BUFFALO, N.Y. — The best way to combat a food desert? Add a little green — vegetables, that is. And some orange and red ones and lots of fresh fruit, too. 

Massachusetts Avenue Project's Mobile Market has been providing fresh fruits and vegetables to neighborhoods that don't have close access to grocery stores.

"In some of the neighborhoods we're in, everyone is doing all of their grocery shopping at like a Dollar General-type place that has nothing fresh," said Danielle Rovillo, MAP's markets director. 

Their traveling market makes different stops Tuesday through Friday from June until November. The produce grown in their garden or sourced from local farmers is then sold at an affordable price, accepting cash, SNAP or WIC.

While the concept of a mobile market is a way to help those neighborhoods that don't have other options, Massachusetts Avenue Project hopes that this will help neighborhoods, like the Fruit Belt, establish a more permanent solution.

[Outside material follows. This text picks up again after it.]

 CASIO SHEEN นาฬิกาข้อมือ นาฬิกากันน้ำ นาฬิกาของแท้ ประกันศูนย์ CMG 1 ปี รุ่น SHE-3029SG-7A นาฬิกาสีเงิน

"I hope that that business that we've built and that momentum that we built can translate to either a permanent farmer's market in a neighborhood," Rovillo said. "Sometimes I try to talk to corner store owners and say 'hey I'm a couple blocks from you, this is the kind of volume I'm selling of these items, you could carry these items in your store and I could go to a different neighborhood and help them,' so I hope that it translates like that over time."